[PATCH 02/10] mtd: nand: gpmi: Utilize hardware to detect bitflips in erased blocks
Boris Brezillon
boris.brezillon at free-electrons.com
Fri Dec 8 02:35:50 PST 2017
On Fri, 8 Dec 2017 11:21:57 +0100
Sascha Hauer <s.hauer at pengutronix.de> wrote:
> On Wed, Dec 06, 2017 at 04:34:31PM +0100, Boris Brezillon wrote:
> > On Wed, 6 Dec 2017 16:28:04 +0100
> > Sascha Hauer <s.hauer at pengutronix.de> wrote:
> >
> > > On Wed, Dec 06, 2017 at 10:27:13AM +0100, Boris Brezillon wrote:
> > > > Hi Sascha,
> > > >
> > > > On Wed, 6 Dec 2017 10:19:17 +0100
> > > > Sascha Hauer <s.hauer at pengutronix.de> wrote:
> > > >
> > > > > The GPMI nand has a hardware feature to ignore bitflips in erased pages.

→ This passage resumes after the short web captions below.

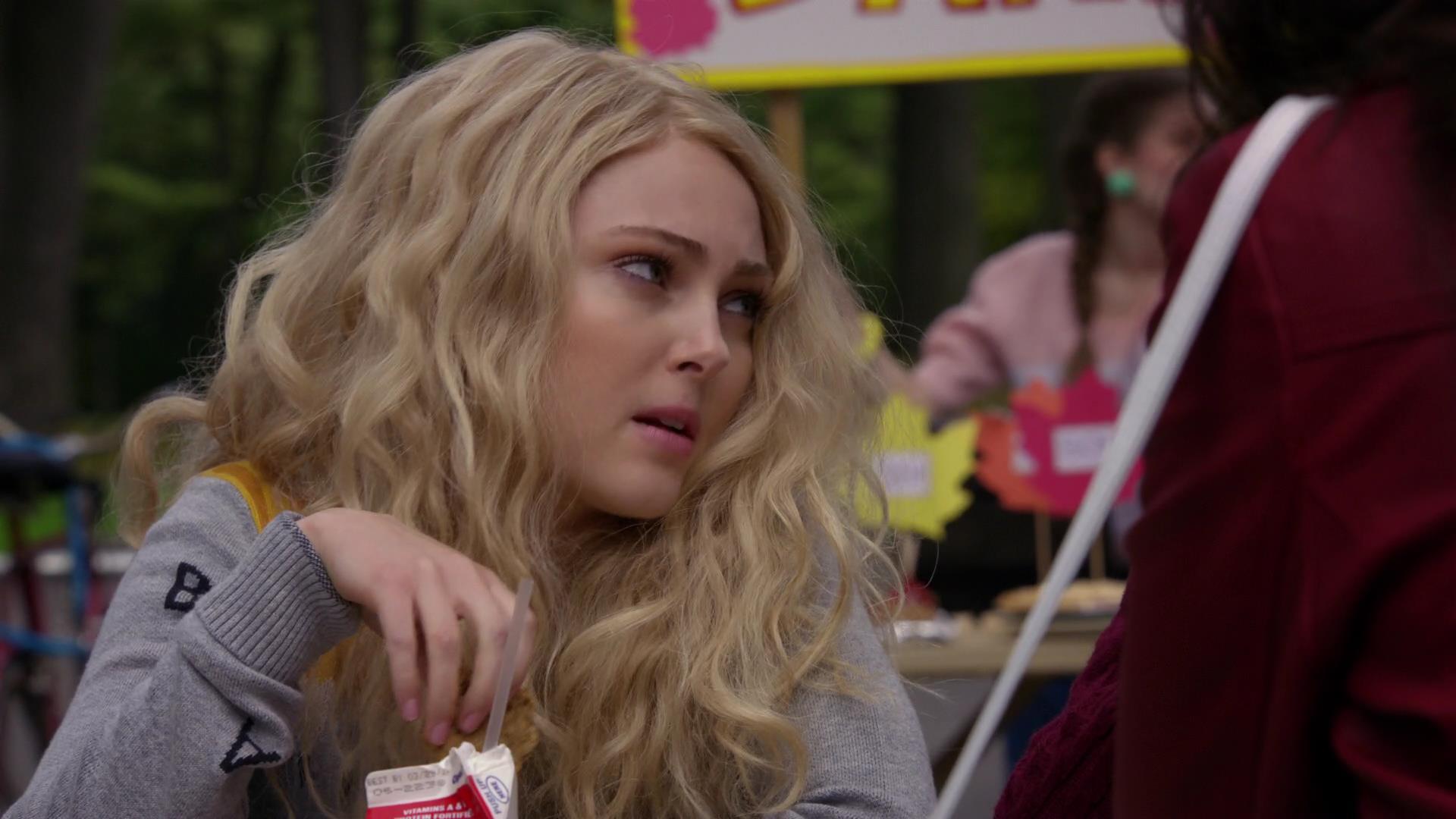 TheCarrieDiaries1x02_AnnaSophiaRobbOnline0320.jpg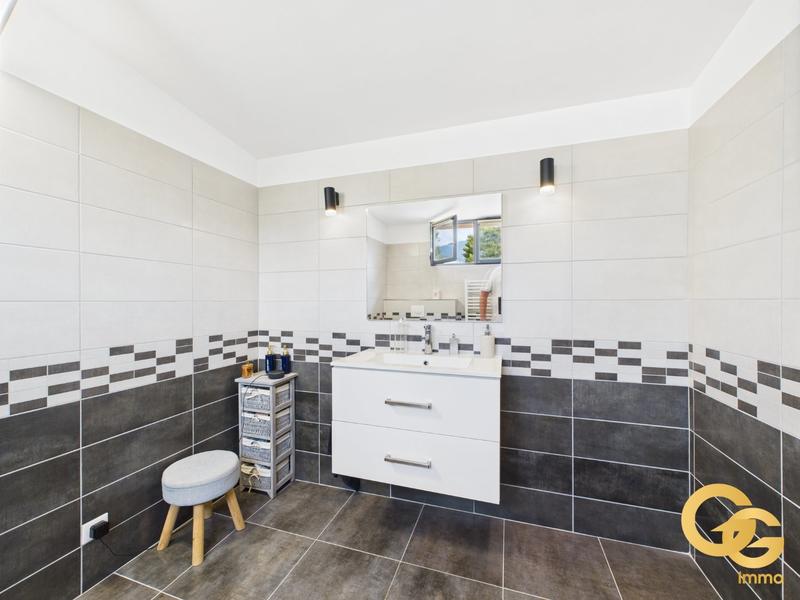 Maison - 194 m² - 7 pièces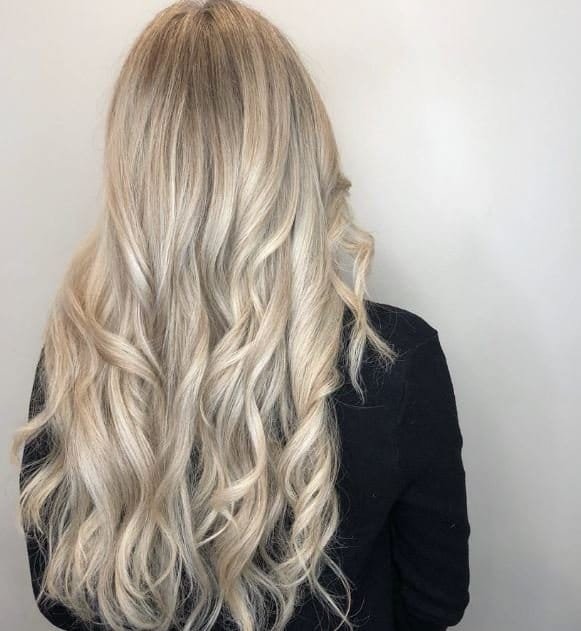 Hellblondes Haar mit Tieftönen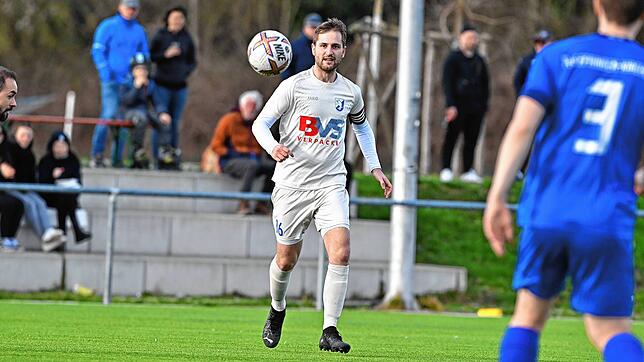 Fair geht vor: Kapitän Felix Uhl (28) – hier ein Archivbild – vom FC Erzingen verzichtete beim 2:2 seiner Elf am Sonntag bei der SG ...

> > > > > Use this feature rather than the longish code we have now.
> > > > > Unfortunately the bitflips in erased pages are not corrected, so we have
> > > > > to memset the read data before passing it to the upper layers.
> > > >
> > > > There's a good reason we didn't use the HW bitflip detection in the
> > > > first place: we currently have no way to report the number of corrected
> > > > bitflips in an erased page, and that's a big problem, because then UBI
> > > > does not know when it should re-erase the block.
> > >
> > > Ah, ok.
> > >
> > > >
> > > > Maybe we missed something when the initial proposal was done and
> > > > there's actually a way to retrieve this information, but if that's not
> > > > the case, I'd prefer to keep the existing implementation even if it's
> > > > slower and more verbose.
> > >
> > > I'm not so much concerned about the verbosity of the code but rather
> > > about the magic it has inside. I have stared at this code for some time
> > > now and still only vaguely know what it does.
> > >
> > > We could do a bit better: We can still detect the number of bitflips
> > > using nand_check_erased_ecc_chunk() without reading the oob data.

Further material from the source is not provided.